Les ingénieurs et les développeurs ne sont pas conscients des problèmes éthiques et le dialogue n’est pas fluide avec les équipes de direction
Une opportunité pour les entreprises
Pour les entreprises, organiser ce type de chasse aux biais est bénéfique. Ben Colman, l’un des cofondateurs de cette organisation, dirige une start-up baptisée Reality Defender, une société technologique spécialisée dans la détection de deepfakes. Pour lui, « organiser un bounty permet de trouver des biais dans ses systèmes informatiques afin de gagner en précision dans ses capacités de détection. » Pour d’autres, cela permet de corriger des erreurs qui peuvent poser des questions éthiques : « On a par exemple étudié un modèle de machine learning qui taillait des images automatiquement. Cela a marché quelques jours et puis nous nous sommes rendu compte que, quand il s’agissait d’images de femmes, l’outil les retaillait de telle sorte qu’elles se retrouvaient dans des positions compromettantes », note Subho Majumdar.
Sensibiliser les développeurs
L’ambition des Bias Buccaneers est de continuer à faire grandir leur communauté, d’organiser davantage d’événements et de sensibiliser le plus grand nombre. « Le problème que l’on rencontre est qu’il y a des directives importantes sur la manière dont doivent fonctionner les IA en entreprise, mais personne ne sait comment les implémenter.
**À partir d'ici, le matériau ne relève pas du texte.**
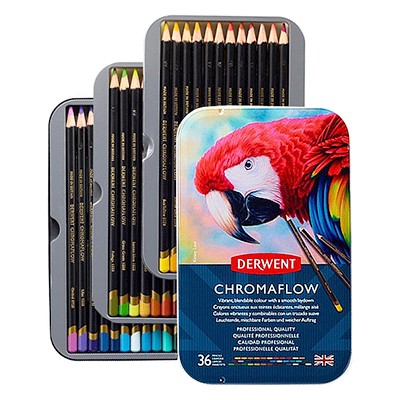 Derwent Chromaflow kredki rysunkowe, 36 kolorów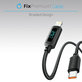 FixPremium - USB-C / USB-C Cablu cu functie Power Delivery (1m), negru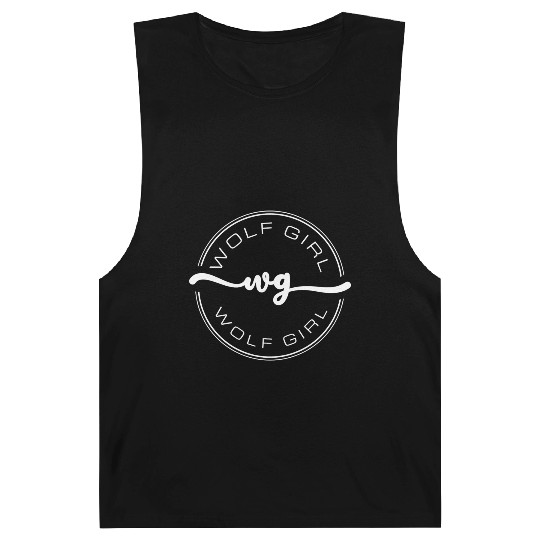 Wolf Girl White Barnard Tanks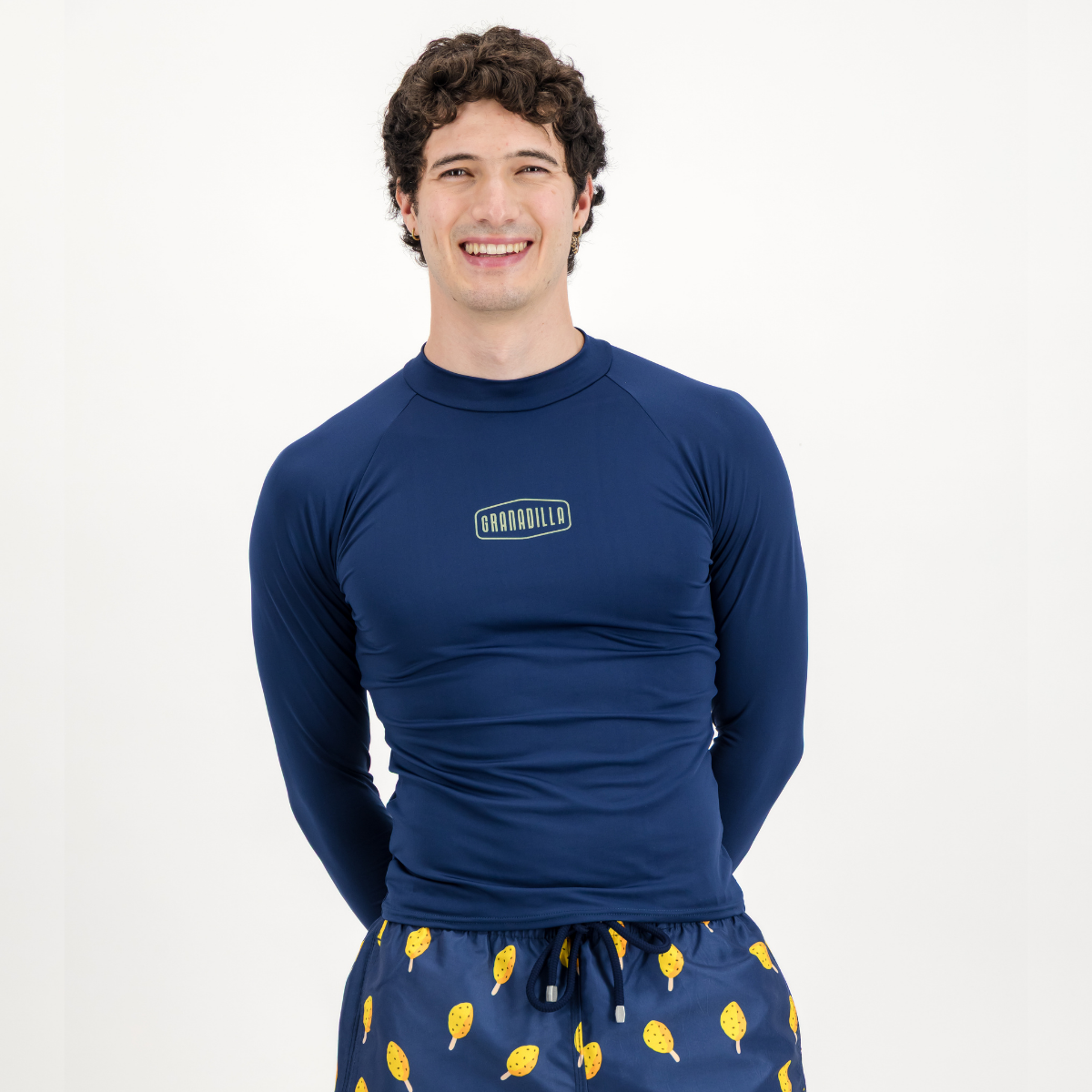Mens Rash Vest | Plain / Navy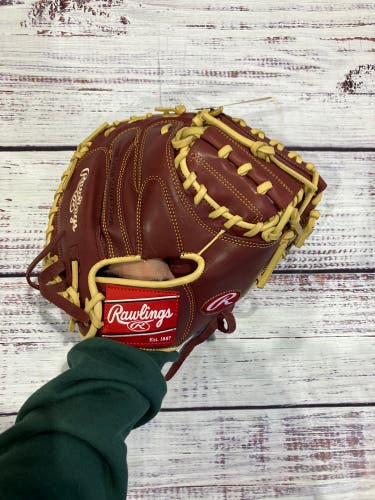 Red Rawlings Sandlot RH Catcher's Baseball Glove 33" (New)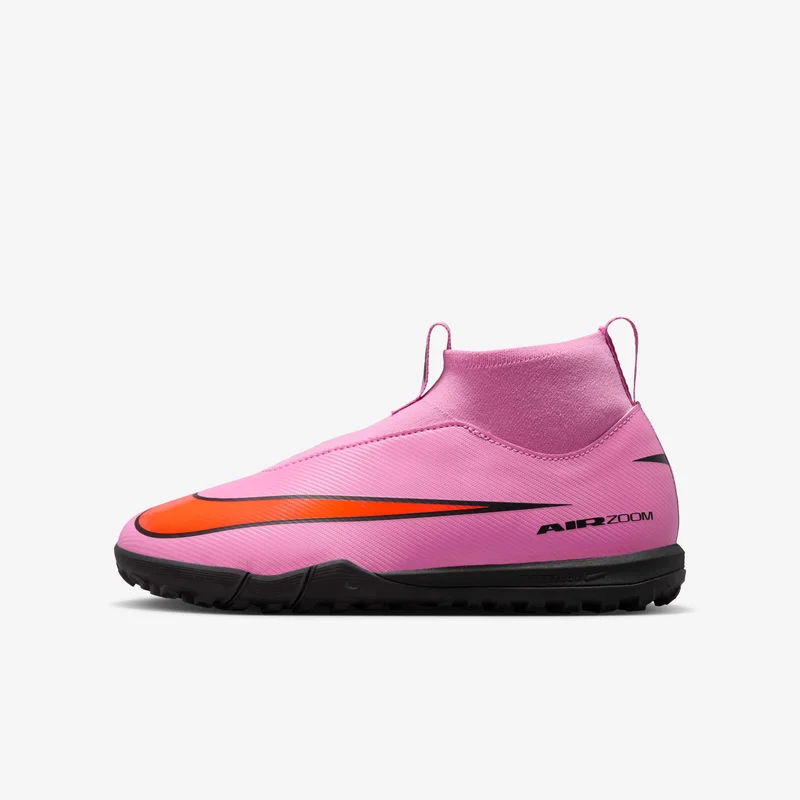 Nike Kids' Mercurial Superfly 10 Academy Turf Ground High-Top Football Shoes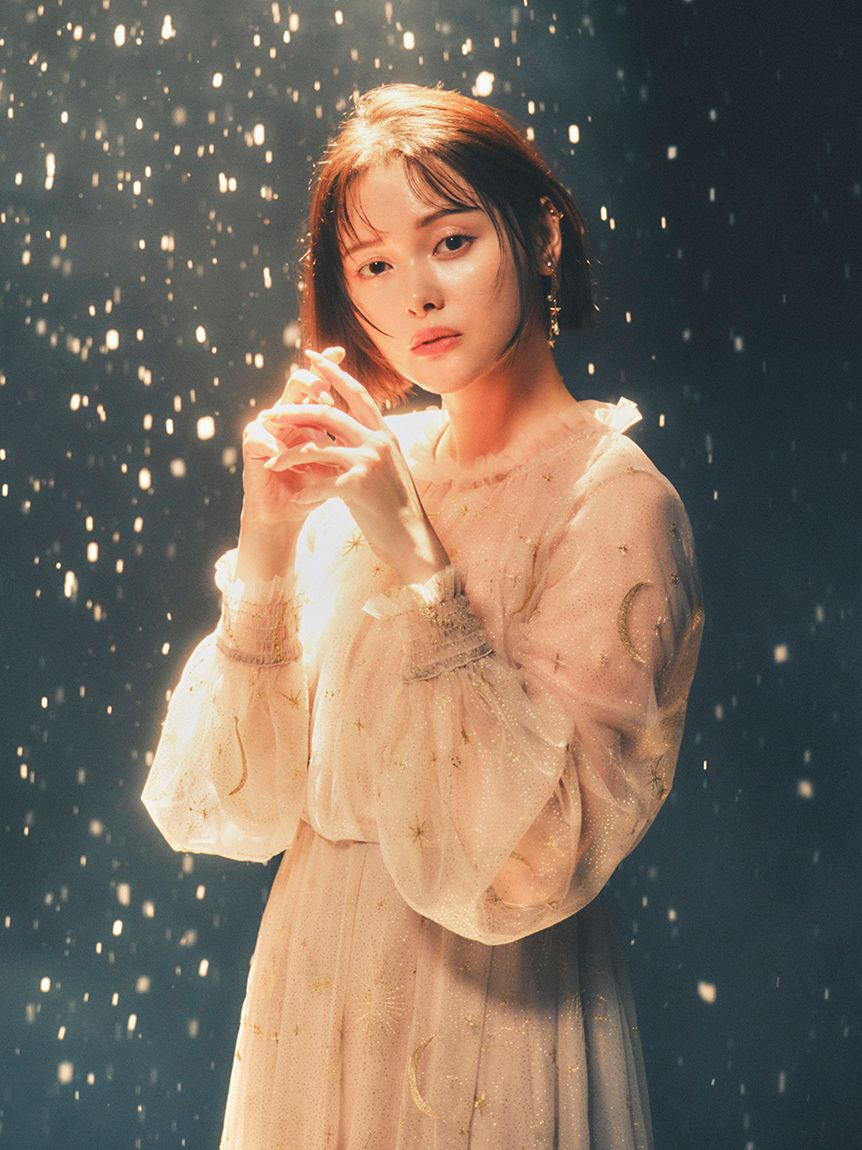 FURFUR「【限定サイズ】Twilightラメチュール刺繍ドレス」|ドレス|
C’est dû au fait que les ingénieurs et les développeurs ne sont pas conscients des problèmes éthiques, et que le dialogue n’est pas fluide avec les équipes de direction. » C’est la raison pour laquelle Subho Majumdar estime qu’il est important de créer un cadre de travail propice au dialogue entre les différents métiers dans les organisations. « J’invite également les développeurs à toujours réfléchir à quel peut être l’impact de leurs technologies sur des personnes qui ne leur ressemblent pas et de créer du dialogue avec des personnes qui viennent de minorités, mais également avec les autres services dans les entreprises qui ont une approche différente sur les sujets éthiques. » Il compte, par ailleurs, sur la compréhension des dirigeants quant au mode de fonctionnement des développeurs.